So far almost everything I’ve read about Pope Francis has been very encouraging, and there seems to be very good reason to expect very good things from him. However, there is one small storm cloud on my personal horizon, and that of everyone involved in the Anglican Ordinariate.
The Anglican bishop of Argentina claims that then-cardinal Bergoglio “called me to have breakfast with him one morning and told me very
clearly that the Ordinariate was quite unnecessary and that the Church
needs us as Anglicans.” That news is naturally being very well-received among Anglicans who resent the Ordinariate.

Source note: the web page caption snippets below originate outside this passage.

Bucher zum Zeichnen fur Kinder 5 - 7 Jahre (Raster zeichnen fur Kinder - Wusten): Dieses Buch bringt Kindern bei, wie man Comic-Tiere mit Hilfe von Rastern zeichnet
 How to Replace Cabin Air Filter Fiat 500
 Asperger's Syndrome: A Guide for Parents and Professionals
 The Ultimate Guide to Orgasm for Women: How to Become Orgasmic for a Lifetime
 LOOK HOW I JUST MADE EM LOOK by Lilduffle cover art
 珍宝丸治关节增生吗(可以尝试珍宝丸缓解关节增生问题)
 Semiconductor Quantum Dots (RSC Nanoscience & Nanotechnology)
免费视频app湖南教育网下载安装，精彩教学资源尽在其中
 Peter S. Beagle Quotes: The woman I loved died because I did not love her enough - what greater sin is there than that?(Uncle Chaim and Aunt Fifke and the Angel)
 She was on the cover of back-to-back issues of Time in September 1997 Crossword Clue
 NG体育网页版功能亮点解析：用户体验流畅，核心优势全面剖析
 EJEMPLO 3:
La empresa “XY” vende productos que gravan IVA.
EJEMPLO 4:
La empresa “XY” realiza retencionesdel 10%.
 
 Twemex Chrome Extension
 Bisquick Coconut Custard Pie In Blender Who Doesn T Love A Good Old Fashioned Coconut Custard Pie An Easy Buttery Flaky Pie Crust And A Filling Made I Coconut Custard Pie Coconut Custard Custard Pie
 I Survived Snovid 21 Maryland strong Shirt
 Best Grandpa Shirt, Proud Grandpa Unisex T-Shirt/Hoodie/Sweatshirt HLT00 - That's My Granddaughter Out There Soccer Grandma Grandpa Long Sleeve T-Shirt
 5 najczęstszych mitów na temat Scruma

My pastor tells us that too much is being made of this, that Venables is an evangelical who is ordinarily disliked by, for instance, the Episcopal Church in the U.S., that it’s only hearsay from a phone call, and that the Catholic-Anglican situation in Argentina is very different. And that the pope is certainly well-disposed to the idea of an ordinariate with non-Roman liturgy and practices, as he himself is (or was) the ordinary for Eastern Rites in Argentina.
I’m not going to panic, but I’m uneasy. Not that I think the pope would do anything as dramatic as suppressing the ordinariate–his reported closeness to Benedict XVI, who instituted the ordinariate, would certainly argue against that, and against him being hostile to it. But if the Venables report really reflects his feelings, he could neglect it or thwart its growth. That would be tragic, because from what I’ve seen you won’t find a more committed group of Catholics than those of us in the ordinariate.
I’m not sure exactly what the status of Venables’ group is with respect to Canterbury and the other more-or-less official branches of Anglicanism.